Le 2 avril, des membres du Comité rencontraient l’Agence de santé et des services sociaux à qui on a remis un document faisant état notamment des quatre grandes difficultés rencontrées : l’accès à des services de répit, de dépannage et gardiennage; le manque de ressources professionnelles, les listes d’attente, les impacts financiers pour les familles et les personnes handicapées; l’épuisement et l’essoufflement des familles et l’insuffisance de soutien psychosocial et d’échanges entre les familles et les intervenants sociaux.
Cette rencontre semble avoir porté fruit. «Les dirigeants de l’Agence, je pense, se rendent compte du cri d’alarme des familles.
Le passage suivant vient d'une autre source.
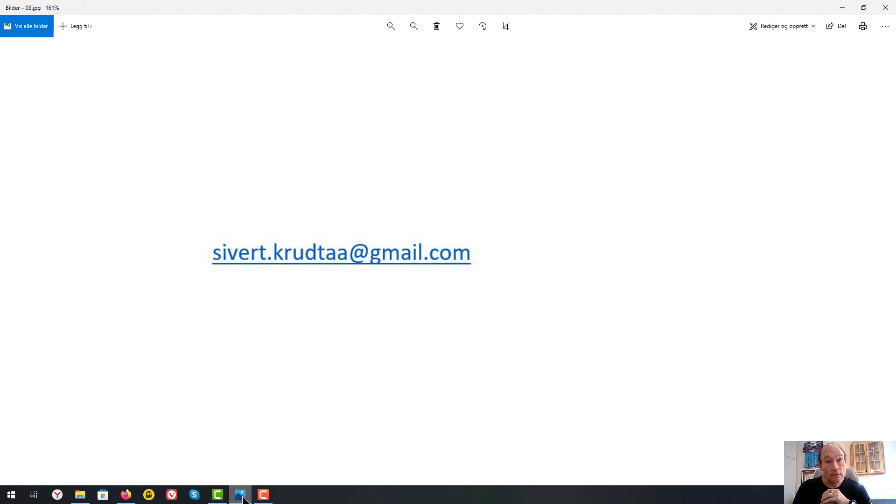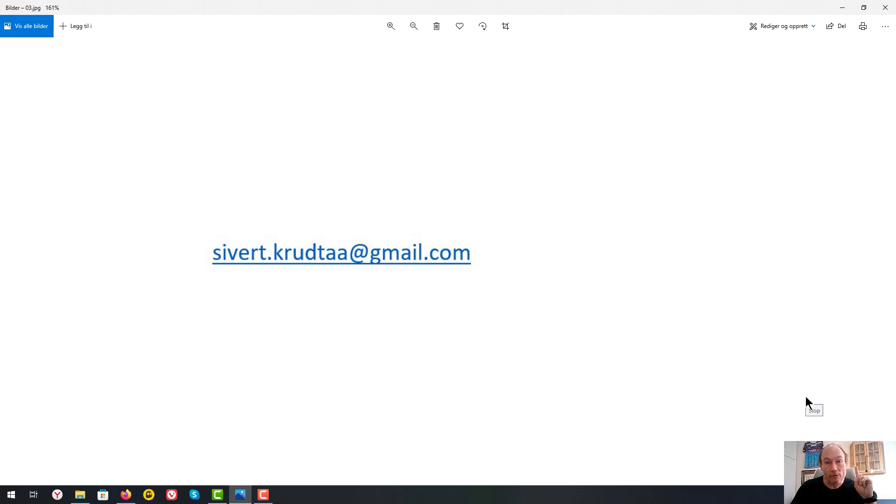So I'm looking forward to hearing from you. Thank you so far. See you.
Ils se sont peut-être aperçus qu’ils n’avaient pas saisi toute l’ampleur de la situation», a confié la directrice du Regroupement d’organismes de personnes handicapées du Centre-du-Québec, Karine Guillemette.
«L’Agence disposera d’un budget de développement 2008-2009 de 11 M $. On souhaite pouvoir profiter d’une partie de l’enveloppe pour répondre à nos besoins et à nos revendications», a-t-elle ajouté.
«On s’attend à un avancement important dans ce budget», a renchéri Steve Leblanc, directeur du Regroupement pour la région Mauricie.
Entretemps, le Comité poursuivra sa sensibilisation en rencontrant les directions des Centres de santé et de services sociaux et les centres de réadaptation du territoire.
«Pour maintenir la pression, on invitera les parents à expédier une lettre au PDG de l’Agence de santé et de services sociaux», a conclu M. Leblanc.
Enfin, le lancement de la Semaine québécoise des personnes handicapées a donné lieu au dévoilement d’une nouvelle affiche. «C’est un outil permettant de faire connaître les services que proposent les organismes de la région», a précisé Karine Guillemette.